Segundo relatos obtidos pela equipe da coluna, Lira sinalizou a lideranças do Congresso e a integrantes do STF que não quer abrir uma nova trincheira contra o Judiciário e que, de todas as CPIs que ele cogita abrir para fustigar o governo, a da “censura e atos de abuso de autoridade” por parte do STF e do TSE não deve sair do papel tão cedo.
O requerimento capitaneado pelo deputado federal Marcel van Hattem (Novo-RS) foi apresentado em novembro do ano passado e tem o apoio da bancada bolsonarista na Casa, alvo de inquéritos que tramitam no STF sob a relatoria de Moraes – como o das fake news, o das milícias digitais e a apuração dos atos golpistas de 8 de Janeiro.
O parlamentar pretende criar a CPI para investigar a “violação de direitos e garantias fundamentais, a prática de condutas arbitrárias sem a observância do devido processo legal, inclusive a adoção de censura e atos de abuso de autoridade, por membros do Tribunal Superior Eleitoral e do Supremo Tribunal Federal”.
Ela voltou a ser discutida depois que Lira aumentou a tensão com o governo investindo contra o ministro da Secretaria de Relações Institucionais, Alexandre Padilha, a quem chamou de “incompetente” e “desafeto”. Um dos acenos que fez à oposição para fustigar o governo Lula foi mandar fazer um levantamento das CPIs que poderiam ser abertas em uma reunião com líderes partidários, na última terça-feira.
Na manhã seguinte, Moraes se reuniu com o presidente da Câmara a portas fechadas na residência oficial da Casa, num encontro que não constava na agenda de nenhum dos dois e que foi interpretado por aliados de Lira como uma forma de “medir a temperatura”.
“Não foi um clima fácil”, resume um interlocutor de Lira.
Em seguida, Moraes foi ao Congresso e participou da solenidade para a entrega do anteprojeto que atualiza o Código Civil ao lado do presidente do Senado, Rodrigo Pacheco (PSD-MG).
À noite, foi a vez de o presidente do STF, Luís Roberto Barroso, conversar com Lira por telefone – e também tratar da CPI que mira o STF e o TSE. Em nota, o Supremo informou que Barroso falou com Lira “com espírito colaborativo de ambas as partes, no sentido de evitar qualquer tensão entre os poderes”.
Depois de toda a pressão, interlocutores de Lira apontaram em conversas reservadas que há um problema no “objeto” da CPI, que não tem um fato determinado e não poderia ser aberta para investigar uma série de decisões judiciais, o que é vedado pelo regimento interno do Senado Federal.
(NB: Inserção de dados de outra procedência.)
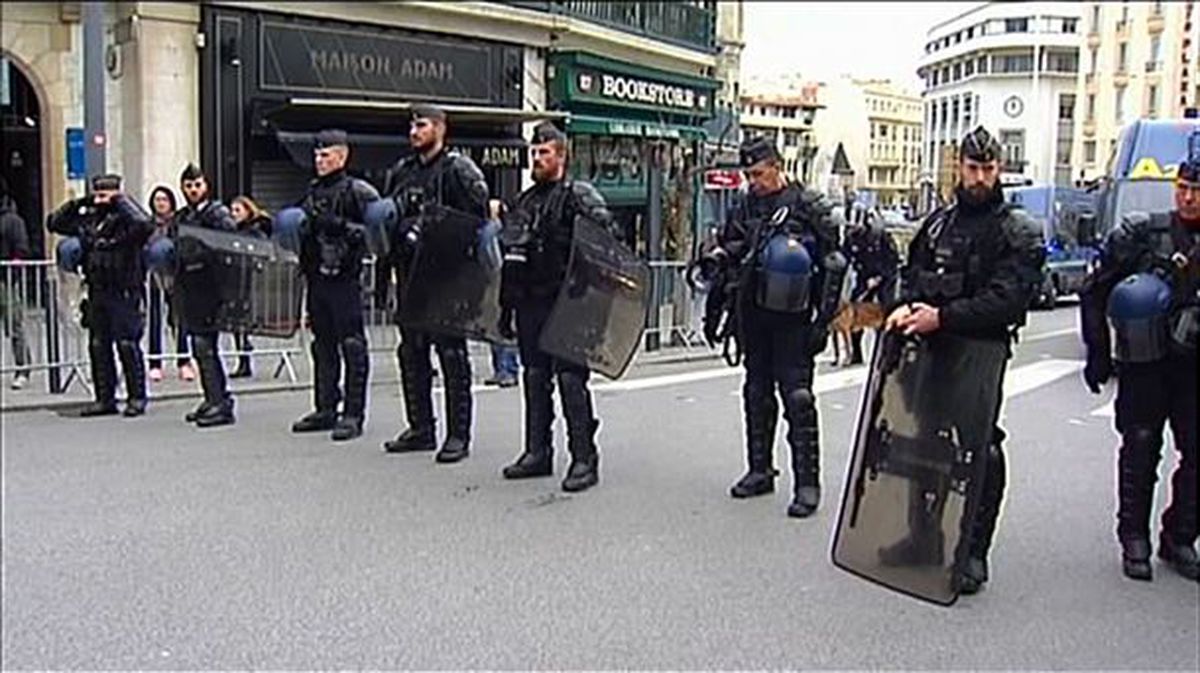 Gendarmes de seguridad de la cumbre del G7 en Biarritz.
No requerimento para instalar a CPI contra o Supremo e o TSE, o nome de Alexandre de Moraes é citado cinco vezes, alvo de críticas por decisões, como a que determinou o bloqueio de contas bancárias de pessoas e empresas acusadas de financiar atos antidemocráticos.
O requerimento também elenca outra decisão de Moraes que irritou os bolsonaristas, ao autorizar em agosto de 2022 a uma operação de busca e apreensão contra empresários que compartilharam mensagens de tom golpista em um grupo reservado no WhatsApp.
Pelo que Lira tem sinalizado até agora, portanto, as comissões a serem criadas são as com potencial de dar trabalho ao Palácio do Planalto, como a que prevê a investigação da compra de energia da Venezuela pelo governo brasileiro e a que trata de segurança pública, com foco em “denúncias do crime organizado e sua relação com o crescimento do número de homicídios e atos de violência em todo o Brasil”.
Além de gerar constrangimento, a instalação de CPIs em pleno ano eleitoral atrapalha o plano do governo de se concentrar na aprovação de medidas econômicas. Para aliados de Lira, o recado é claro: o cabo de guerra do presidente da Câmara é com o Planalto, e não com o STF.